SUPPLIED MATERIAL START
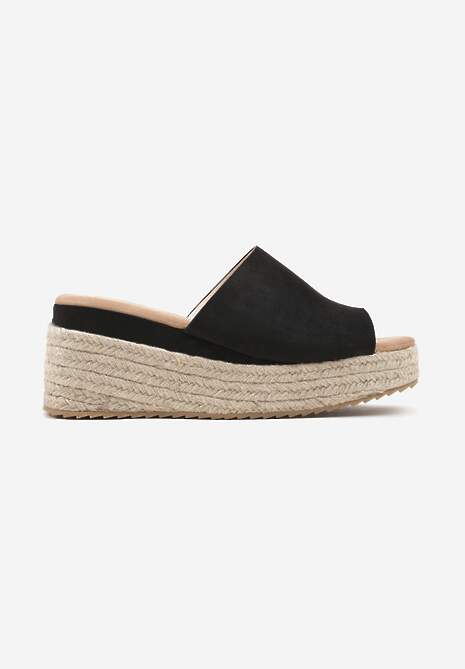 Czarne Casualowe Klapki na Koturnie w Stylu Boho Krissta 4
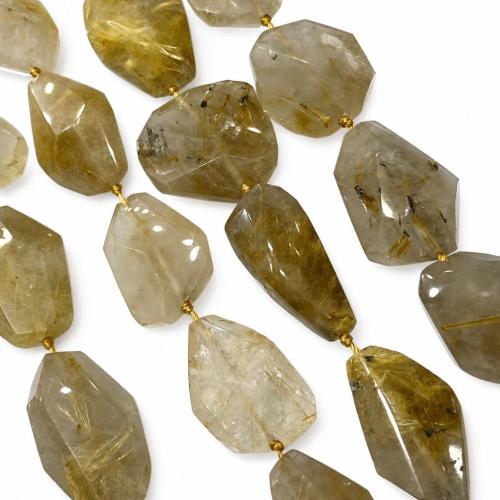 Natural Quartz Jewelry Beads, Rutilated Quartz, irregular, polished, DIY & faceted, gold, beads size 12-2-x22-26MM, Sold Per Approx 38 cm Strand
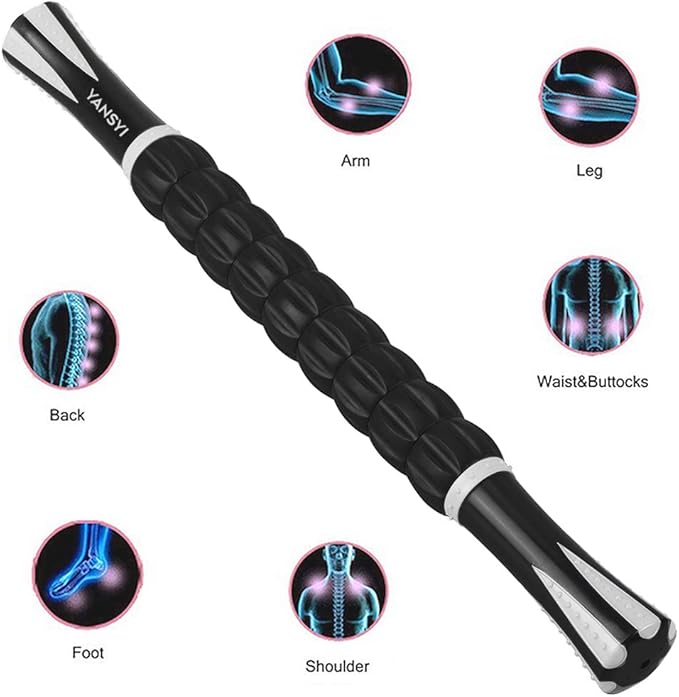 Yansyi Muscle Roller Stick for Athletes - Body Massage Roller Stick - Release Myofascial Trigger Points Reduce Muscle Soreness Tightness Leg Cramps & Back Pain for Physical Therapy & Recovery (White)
SUPPLIED MATERIAL END
§ TASK PROMPT
When a line carries an image, skip the image and repeat everything else above exactly as written.

§ ANSWER TO THIS TASK
 Czarne Casualowe Klapki na Koturnie w Stylu Boho Krissta 4
 Natural Quartz Jewelry Beads, Rutilated Quartz, irregular, polished, DIY & faceted, gold, beads size 12-2-x22-26MM, Sold Per Approx 38 cm Strand
 Yansyi Muscle Roller Stick for Athletes - Body Massage Roller Stick - Release Myofascial Trigger Points Reduce Muscle Soreness Tightness Leg Cramps & Back Pain for Physical Therapy & Recovery (White)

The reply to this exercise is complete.